**Problem to solve**. A word-for-word copy of the following listing is needed. Leave out its images.

**Dataset section**.
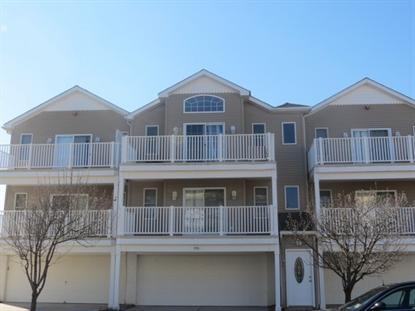 416 EAST 22ND AVENUE UNIT F - NORTH WILDWOOD RENTALS - Three bedroom, two bath vacation home located beach block in North Wildwood. Home has a full kitchen with range, fridge, disposal, dishwasher, microwave, coffeemaker and toaster. Amenities include outsider shower, balcony, 2 car off street parking, central a/c and washer/dryer. Sleeps 7: queen, full, and 3 twins. Wildwood Rentals, North Wildwood Rentals, Wildwood Crest Rentals and Diamond Beach Rentals in all price ranges for weekly, monthly, seasonal and weekend vacation rentals plus Wildwood real estate sales of homes, condos, vacation and investment properties in and around Wildwood New Jersey. We offer over 400 properties plus exclusive vacation homes so you can book the shore rental of your choice online and guarantee your vacation at the Shore. Rent with confidence at Island Realty Group!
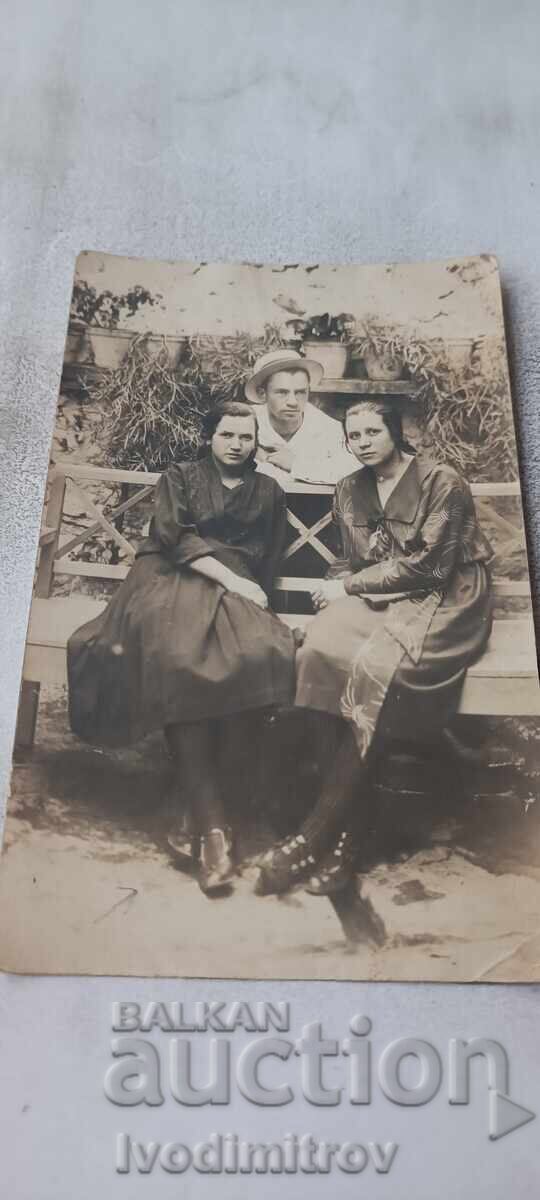 Photo Youth and two young girls on a wooden bench 1923 Photo Youth and two young girls on a wooden bench 1923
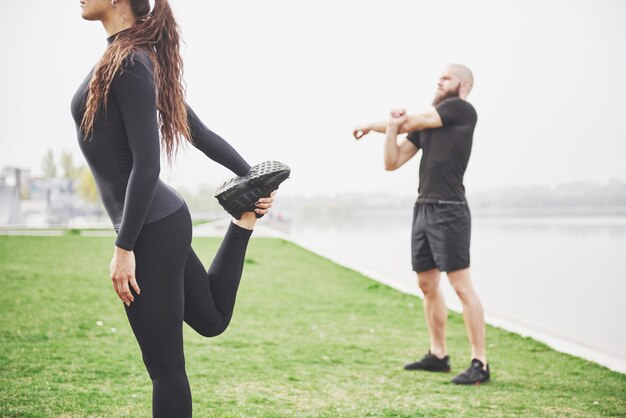 水の近くの公園で屋外ストレッチフィットネスカップル。若いあごひげを生やした男性と女性が朝一緒に運動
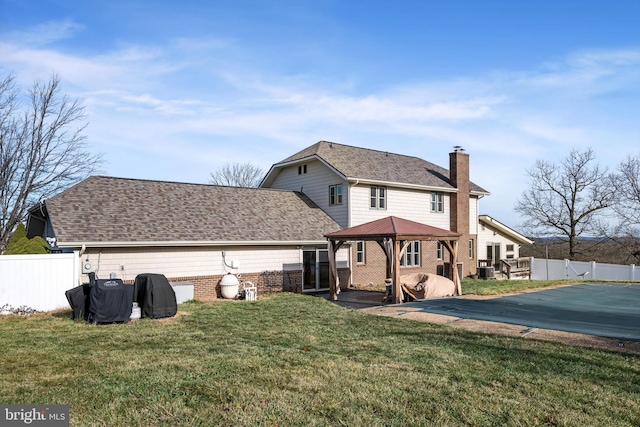 back of property with a gazebo, a yard, a patio, and a covered pool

**Answer for the task**.
 416 EAST 22ND AVENUE UNIT F - NORTH WILDWOOD RENTALS - Three bedroom, two bath vacation home located beach block in North Wildwood. Home has a full kitchen with range, fridge, disposal, dishwasher, microwave, coffeemaker and toaster. Amenities include outsider shower, balcony, 2 car off street parking, central a/c and washer/dryer. Sleeps 7: queen, full, and 3 twins. Wildwood Rentals, North Wildwood Rentals, Wildwood Crest Rentals and Diamond Beach Rentals in all price ranges for weekly, monthly, seasonal and weekend vacation rentals plus Wildwood real estate sales of homes, condos, vacation and investment properties in and around Wildwood New Jersey. We offer over 400 properties plus exclusive vacation homes so you can book the shore rental of your choice online and guarantee your vacation at the Shore. Rent with confidence at Island Realty Group!
 Photo Youth and two young girls on a wooden bench 1923 Photo Youth and two young girls on a wooden bench 1923
 水の近くの公園で屋外ストレッチフィットネスカップル。若いあごひげを生やした男性と女性が朝一緒に運動
 back of property with a gazebo, a yard, a patio, and a covered pool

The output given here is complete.